There are now pages for some battles and sieges, and the places where they happened, and some of the armies and garrisons that took part in them. I started with the Wikipedia categories for battles and sieges of the British Civil Wars, then eliminated some sieges because the Wikipedia pages cover more than one siege of the same place (these will have to be dealt with eventually, but to start with I wanted a selection of easy things that have Wikidata IDs). Once I had a list of Wikipedia page names, I used OpenRefine to get the corresponding Wikidata IDs from Wikipedia’s API, reconcile the IDs with Wikidata, and then extract the dates of battles from Wikidata. After this, I used a spreadsheet to manually edit and expand the data, including setting the wiki page names, adding descriptions, linking to places and armies. The data for armies and garrisons was manually entered in another spreadsheet. Most of these don’t have Wikidata IDs yet.

To create the places, I manually copied them from Ordnance Survey OpenNames CSV files, which I had downloaded last year (when I do more places I’ll download a newer version of the data). The version of the data I used has National Grid references but not WGS84 coordinates, so I had to use the OS API to get WGS84 coordinates for each place ID. I’m hoping that the CSV download will include these in future, as it would save a huge number of API requests when I come to import all the places in Britain.

It’s easy to make mistakes with the record linkage between battles and places, so it’s good that a wiki makes it easy to change things later. Sometimes the name of a battle and the name of the place it took its name from have diverged. Tippermuir is the name of the battle, but the place is now known as Tibbermore. I knew that the battle of Cheriton was also called Alresford, and the OS data only had one place called Alresford, so I copied that without checking further. I later realised that I’d wrongly picked a place in Essex, and that the place near Cheriton is New Alresford.
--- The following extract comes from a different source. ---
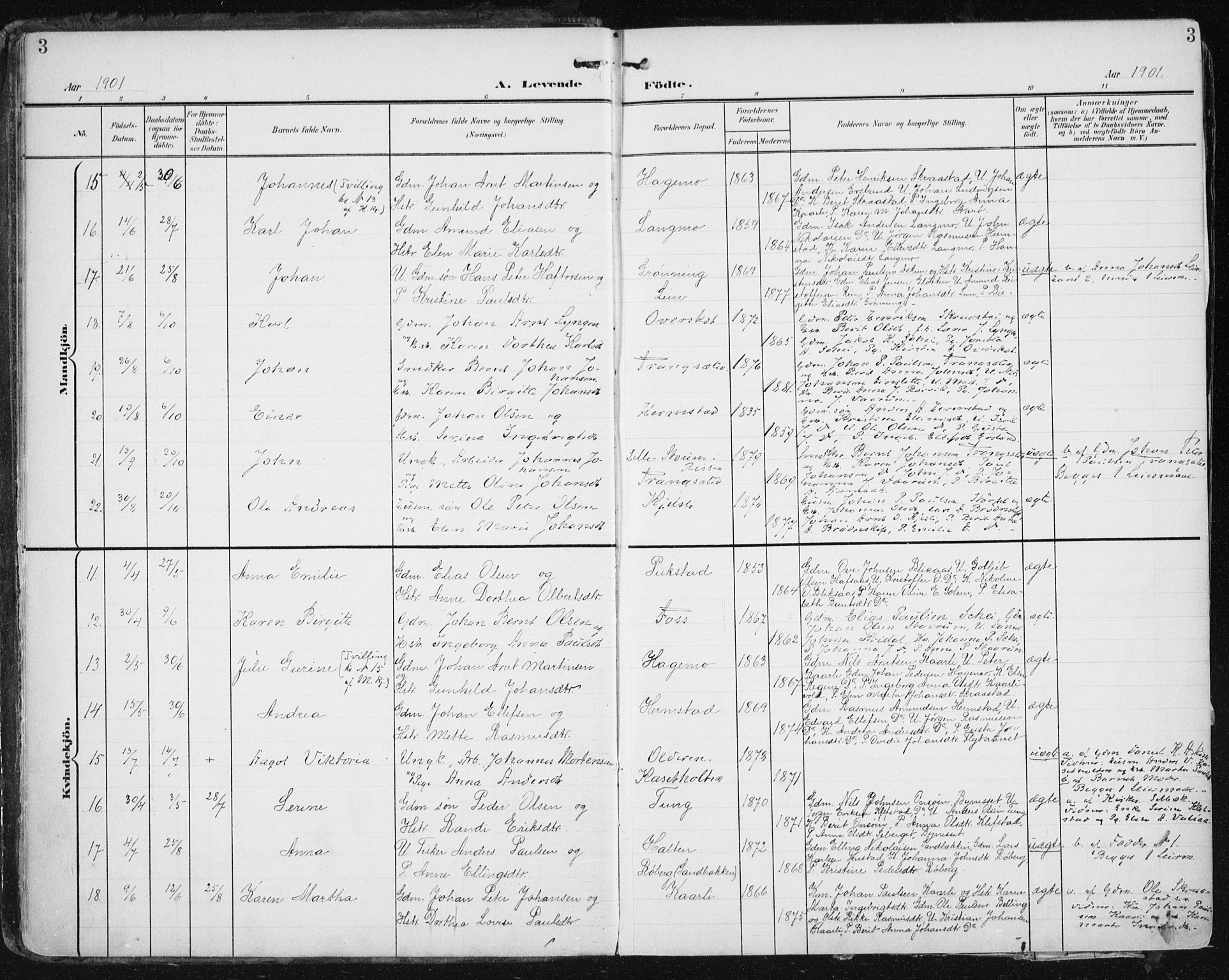 Ministerialprotokoller, klokkerbøker og fødselsregistre - Sør-Trøndelag, SAT/A-1456/646/L0616: Parish register (official) no. 646A14, 1900-1918, p. 3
The way I’ve chosen to represent the locations of battles and sieges is to link them to settlements or buildings that they happened in or near rather than to store coordinates for the event itself. I still like this way of doing it because it can allow for uncertainty (exact locations of some battles are disputed or unknown) and can give a rough idea of the extent of the battlefield without making claims about its boundaries (for example, see the map of Naseby). Now I’ve found some limitations. When I designed this way of doing it, I was mainly thinking about England, but some Scottish battles were in very obscure and remote places. Tullich is not listed as a named populated place by either the Ordnance Survey or Geonames. For this battle, I had to look around for a nearby place that had an external identifier, and settled on Bridge of Gairn, which only gives a very rough idea of where the battle was. The battle of Dalnaspidal has defeated me so far as the name Dalnaspidal is now only used for a lodge and a disused railway station, and there’s nothing else nearby.

I’ve also found that querying for battles and sieges by date is difficult because the date properties for a battle are completely different from the date properties for a siege, and it won’t always be obvious to users whether I’ve modelled an event as a battle or a siege. So I’m considering some drastic changes to the forms and templates to get around this and make editing easier in future.

Books

The next big thing to do is to start importing books. In theory I’m still happy enough with my model for bibliographic data, but I’m less satisfied with how I’ve implemented it in practice because it can lead to lots of superfluous wiki pages and is potentially confusing for users who aren’t me. I’m thinking about collapsing major and minor editions into the same form, with options to represent work level and both edition levels on the same page if there’s only one of each level, and options to link to other pages for each level if there’s more than one.